* [What is needed] Could you copy the lines below exactly, leaving none out?

* [Given information]
▶

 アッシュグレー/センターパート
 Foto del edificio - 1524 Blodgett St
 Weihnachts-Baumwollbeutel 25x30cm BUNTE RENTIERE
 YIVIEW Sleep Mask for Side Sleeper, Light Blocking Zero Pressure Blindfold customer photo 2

◀

* [Reply]
 アッシュグレー/センターパート
 Foto del edificio - 1524 Blodgett St
 Weihnachts-Baumwollbeutel 25x30cm BUNTE RENTIERE
 YIVIEW Sleep Mask for Side Sleeper, Light Blocking Zero Pressure Blindfold customer photo 2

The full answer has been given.